The beautiful physical interpretation of the decomposition of the elasticity stress tensor into its irreducible representations (mentioned in context below) has inspired the following question on representation theory.
If you interpret a $3x3$ matrix $A$ as a direct product of vectors, $A = A_jB_k$, then breaking a matrix up into a symmetric and anti-symmetric matrix $A = A_s + A_a$ is a decomposition of a 9 component tensor into a sum of a smaller 6 component and 3 component tensor to get $\bf{3\otimes 3 = 6 \oplus 3}$. Apparently I just showed the matrix representation of orthogonal group $O(3)$ is reducible.

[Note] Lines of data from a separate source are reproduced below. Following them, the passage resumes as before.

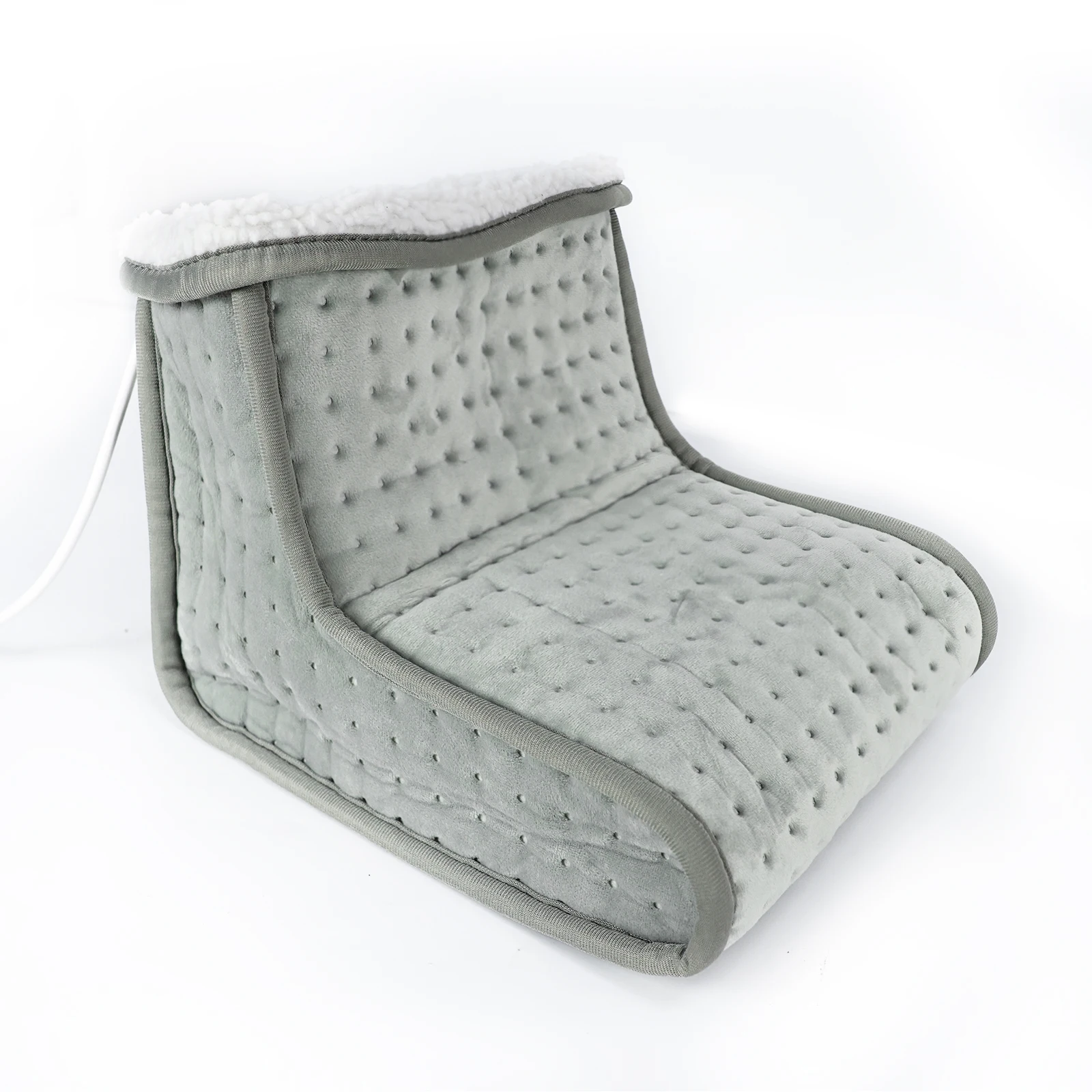 Fast Heating Customizable Auto Shut Off  Sponge And Fleece Foot Warmer Electric Heating Pad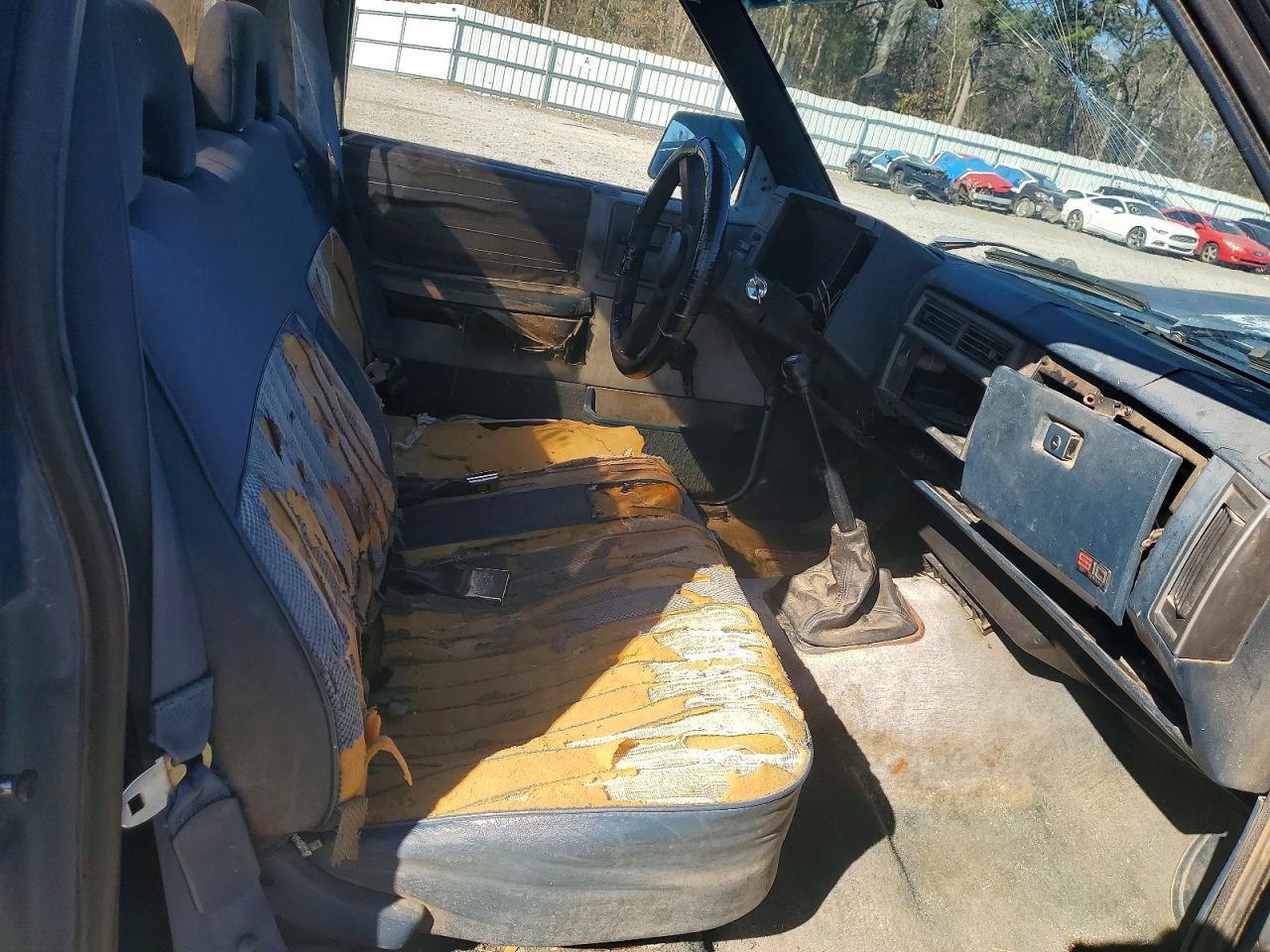 1992 Chevrolet S Truck S10 Blue vin: 1GCCS14R0N8185522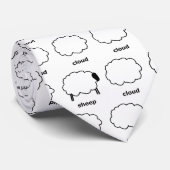 雲、雲、雲、雲、ヒツジ、雲、雲… ネクタイ (ロール)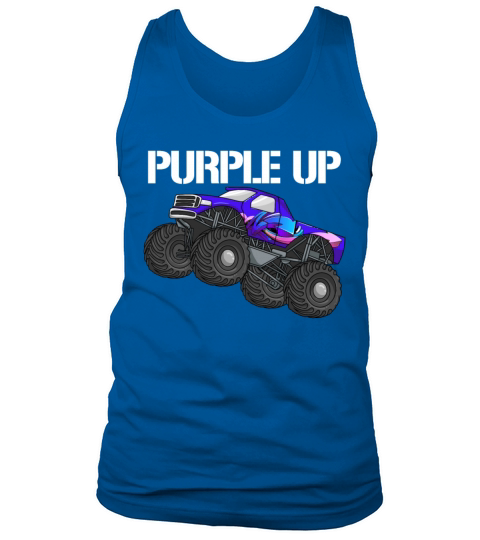 Purple Up Monster Truck Military Kids Purple Upboy Tank Top Unisex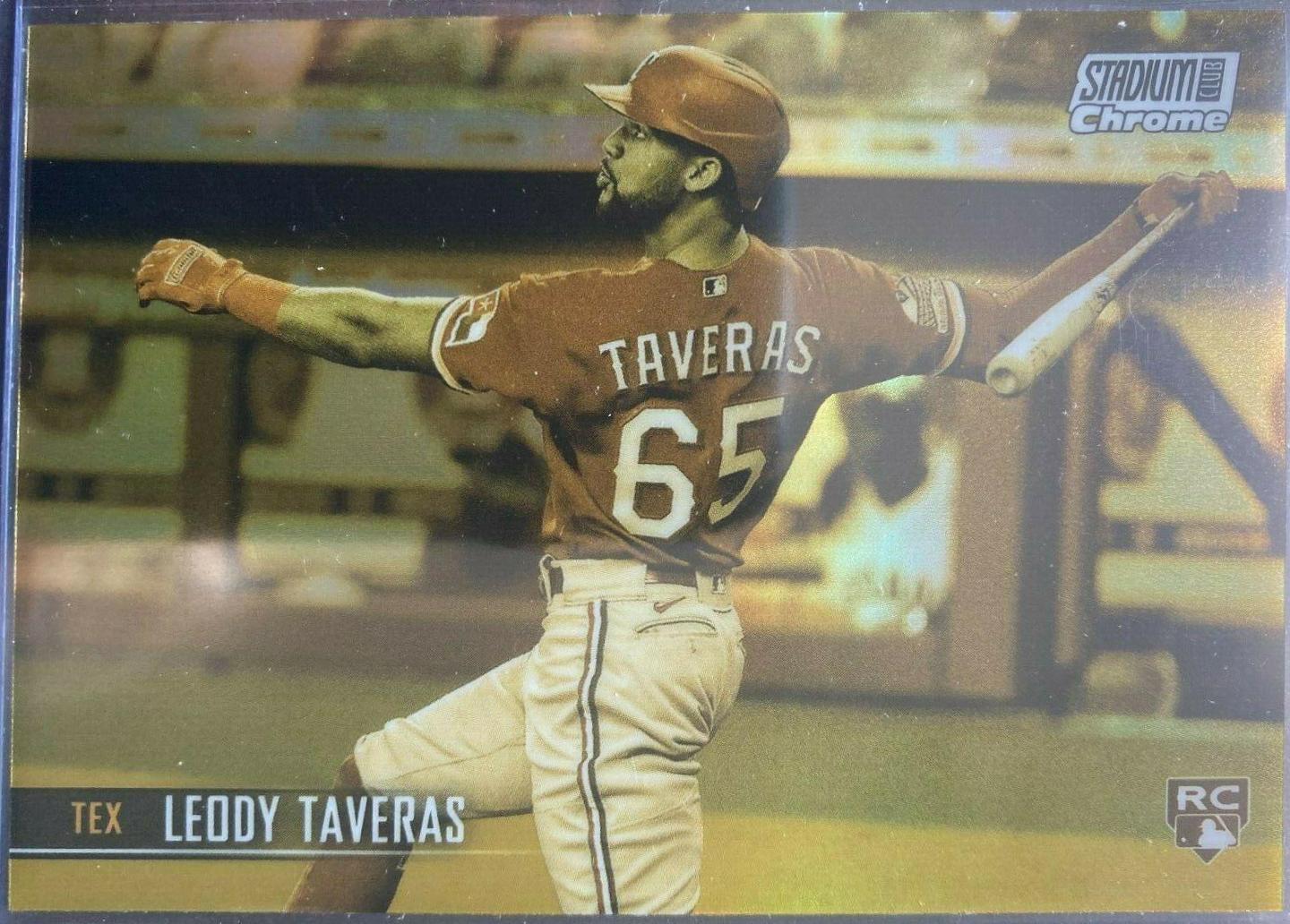 Leody Taveras [Gold Refractor] #290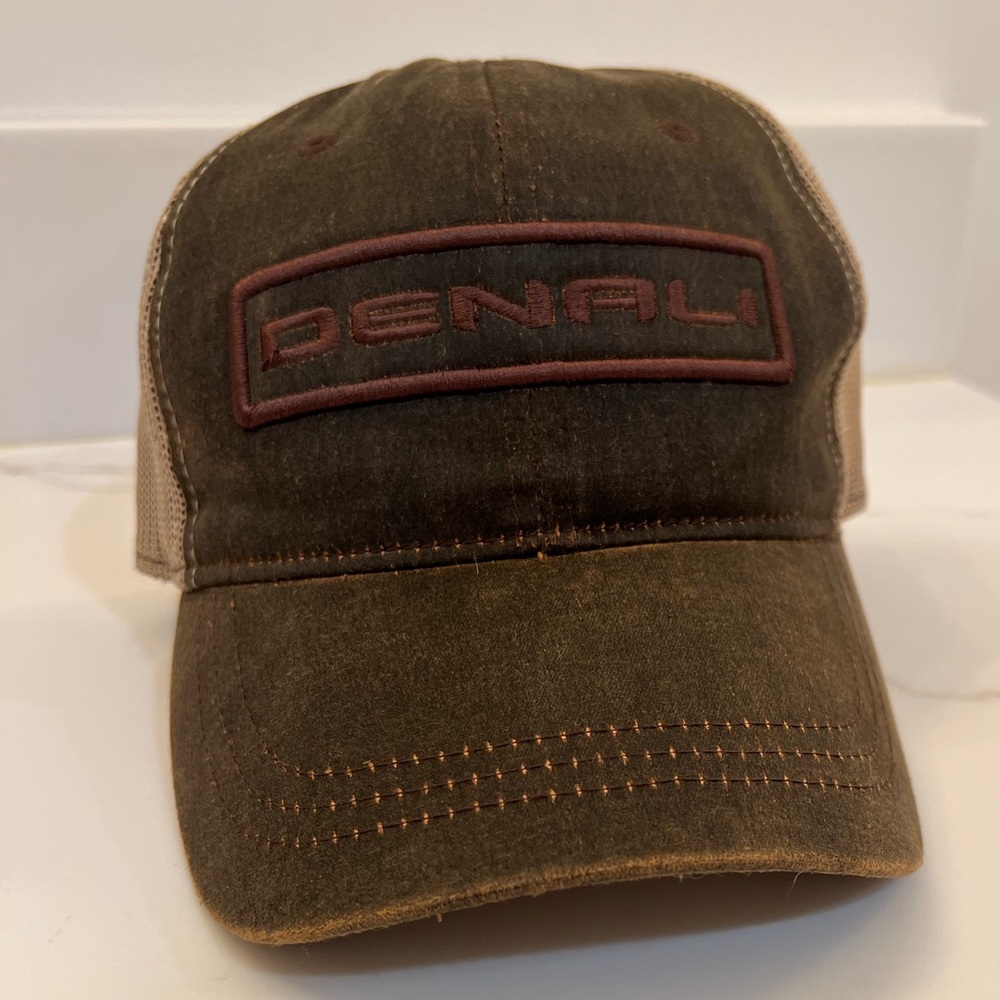 GMC Denali Waxy Cotton Mesh Back Hat - Vintage
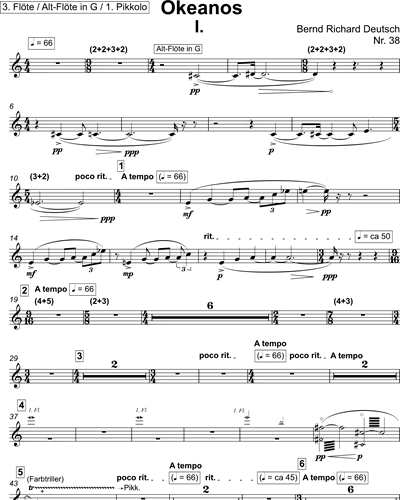 Flute 3/Alto Flute in G/Piccolo 1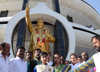 RPI Leader Ramdas Athawale at Mahu Gaon Birth Place of Dr. Babasaheb Ambedkar in Indore ( M.P.)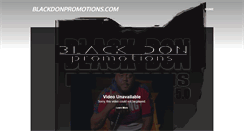 Desktop Screenshot of blackdonpromotions.weebly.com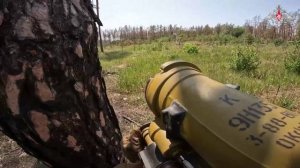 Боевая работа расчета ПТРК «Метис»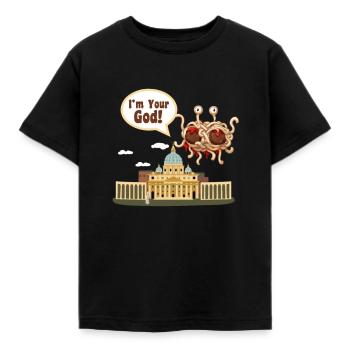 Spaghetti Monster Pastafari Vatican - T-shirt Enfant - noir - Devant - AI Model Kid Female (0cm)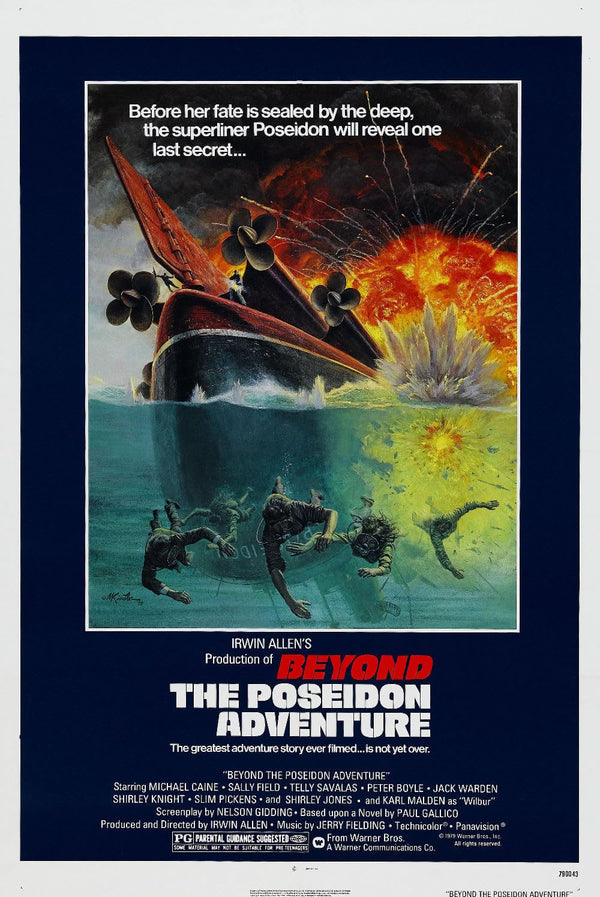 Beyond the Poseidon Adventure (1979) - Action Adventure Movie Poster Movie Poster | Film Wall Art Print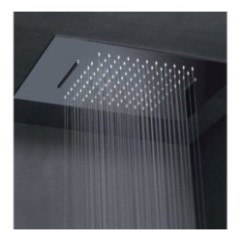 RAIN Soffione rettangolare in acciaio inox 36x49 finitura super mirror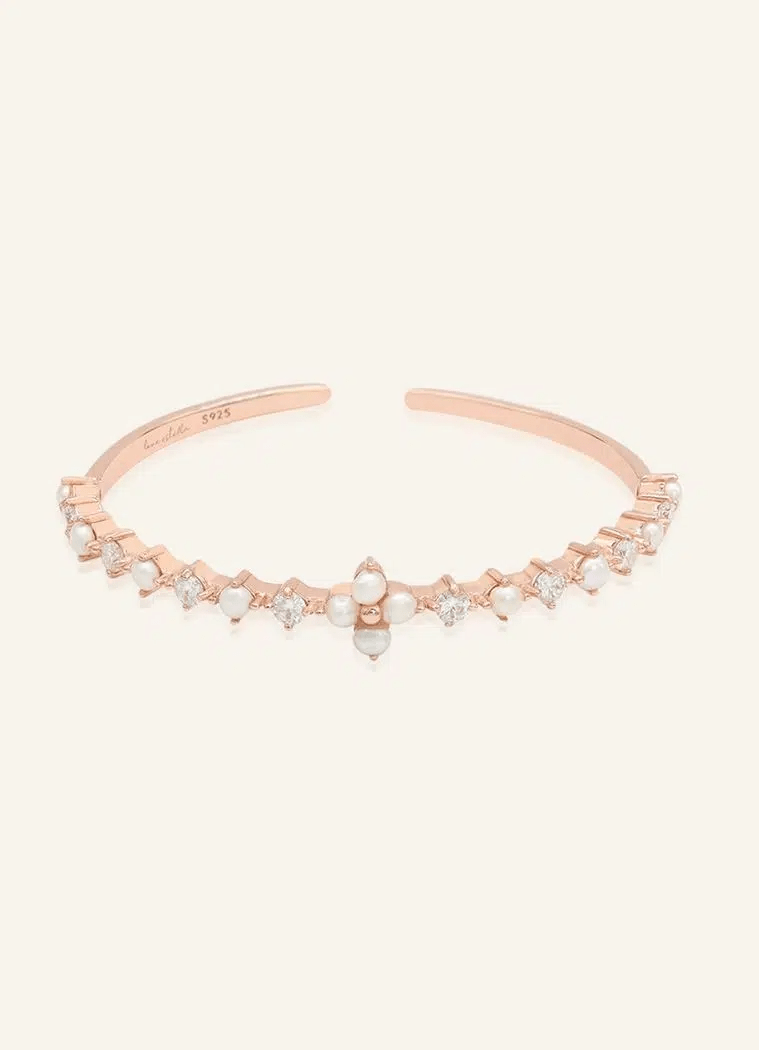 Clover Sparkle Cuff (FWP, Moissanite) by Elate - Love Estella
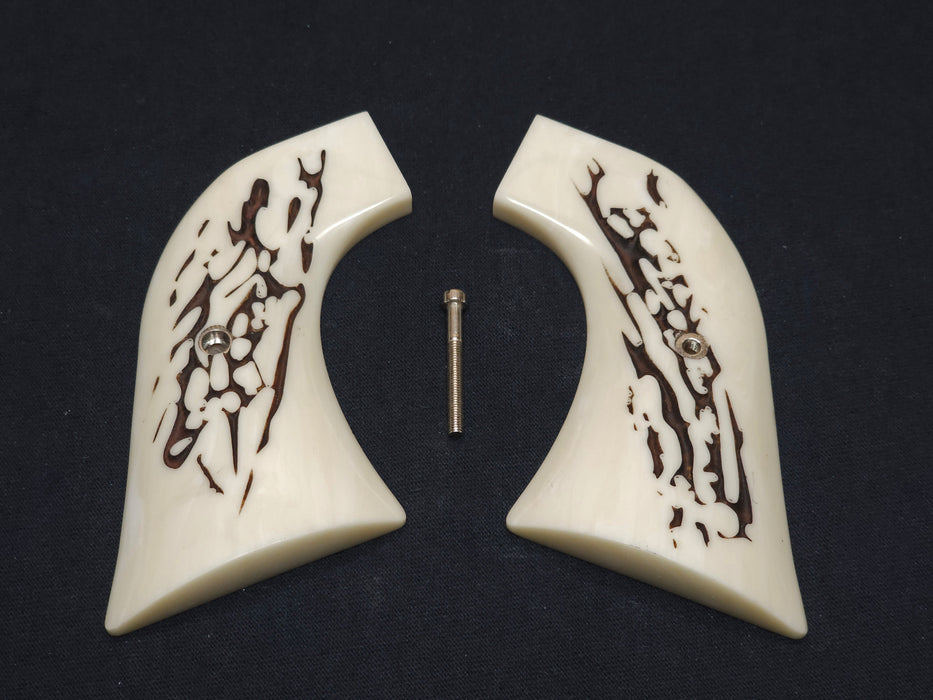 Faux Stag Ruger Super Blackhawk Grips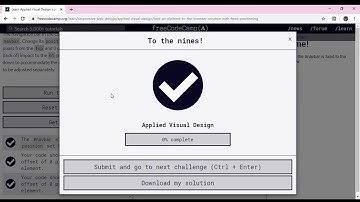 Learn Applied Visual Design  Lock an Element to the Browser Window with Fixed Positioning   freeCode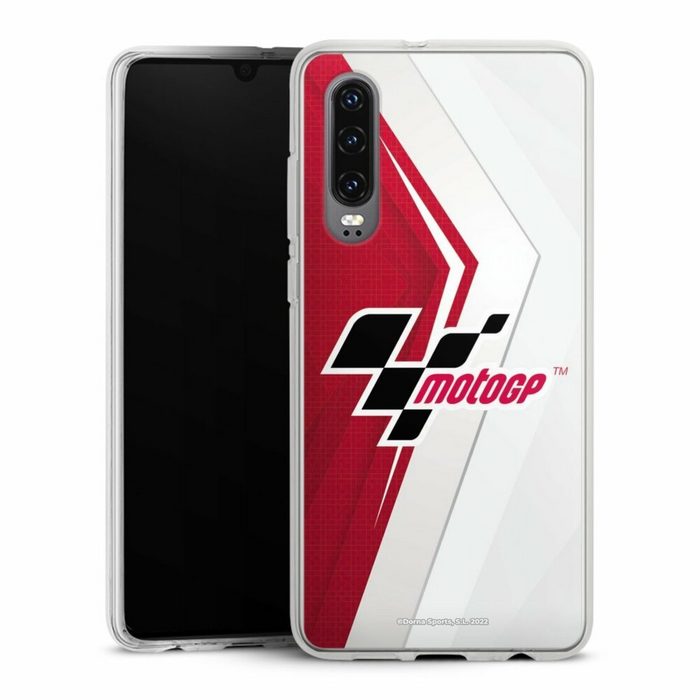 DeinDesign Handyhülle MotoGP Logo Motorsport Logo Grey and Red Huawei P30 Silikon Hülle Bumper Case Handy Schutzhülle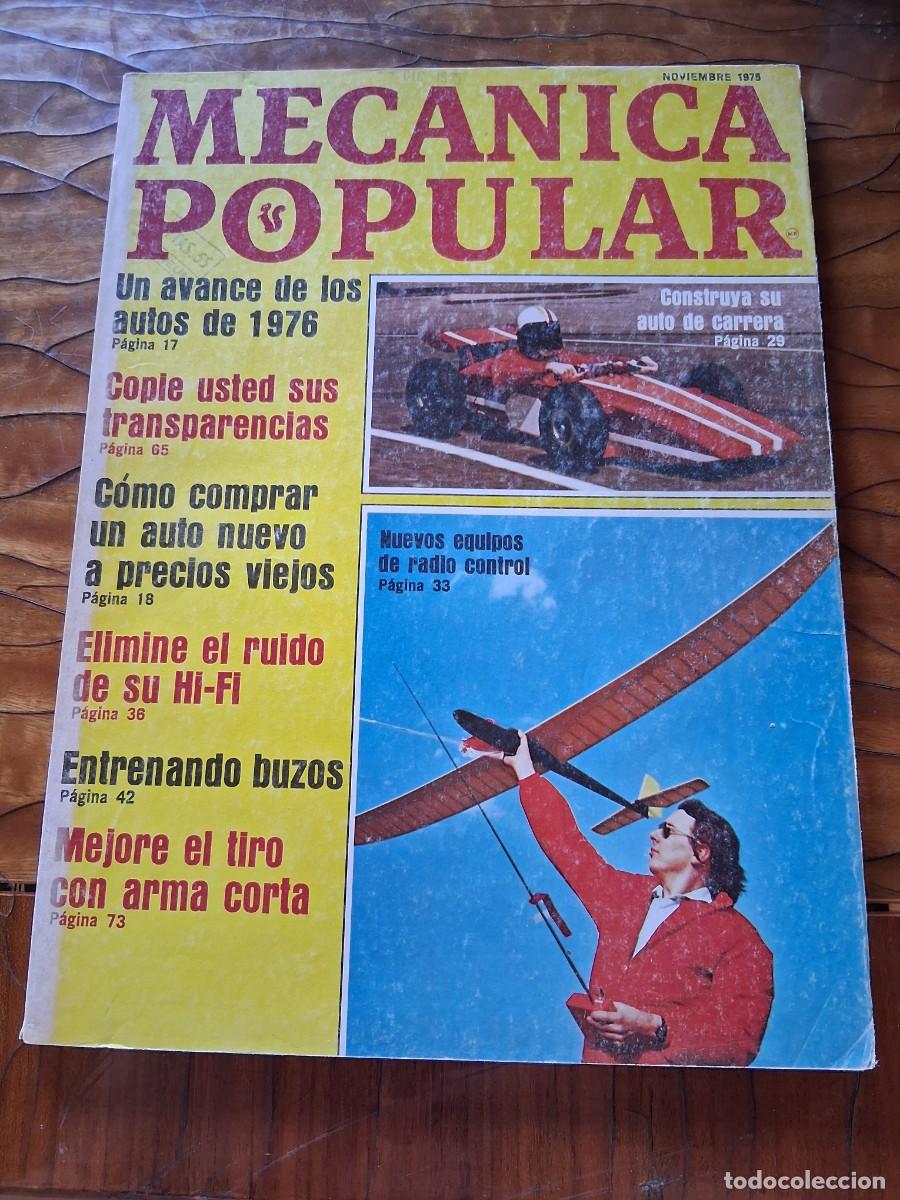Coches: Revista MEC&Aacute;NICA popular noviembre a&ntilde;o 1975 avi&oacute;n radio control taller bicicletas Subaru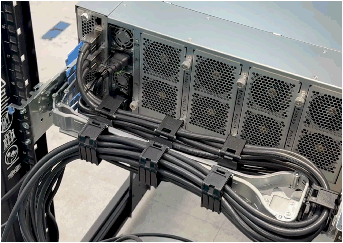CMA with cable baskets filled and closed.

This is as far as you can go in $O(3)$, the group of rotations in 3-space, but if you have a unit determinant you can go further and use the trace to remove some redundancy. When we can do this we call it $SO(3)$, and can further reduce the symmetric matrix into a traceless 5-component symmetric matrix and a scalar multiple of the identity (by the trace) to get a $\bf{3\otimes3 = 5\oplus 3 \oplus 1}$, i.e. $A = A_{ts} + A_t + A_a$.
I apparently just described the tensor decomposition of the $SO(3)$ orthogonal group representation into its irreducible tensor representations just there, but any orthogonal group also has a spinor representation too.
This can be given a geometric interpretation: we decomposed a rank 2 tensor into the sum of a shearing, (a symmetric rank two tensor representing a unit ellipsoid), a rank 1 tensor rotation (a vector representing a rotation) and a rank $0$ tensor (a scaling factor). (pdf page 10)
1) Is there a similar easy decomposition of a 3x3 matrix into its spinor representations?*
I mean, starting with an explicit matrix can we do some easy process to it, like taking symmetric and anti-symmetric combinations as above, and magically end up with spinor representations and show how obvious their existence is? Just so that it's not so abstract.
2) How do we give a nice geometric interpretation to the decomposition of $SO(4)$?
In other words, how do we decompose matrices in $SO(4)$ in such a way that gives a geometric interpretation to every term, illustrates why the $SO(4) \cong [SU(2) \times SU(2)]/\mathbb{Z}_2$ should be obvious, and hopefully makes the symmetries of the Riemann curvature tensor look completely obvious?
(I'm really just hoping to derive and compare $SO(3)$ spinors with $SO(4)$ spinors, since they look so different in QM vs QFT, hence two parts to this question.)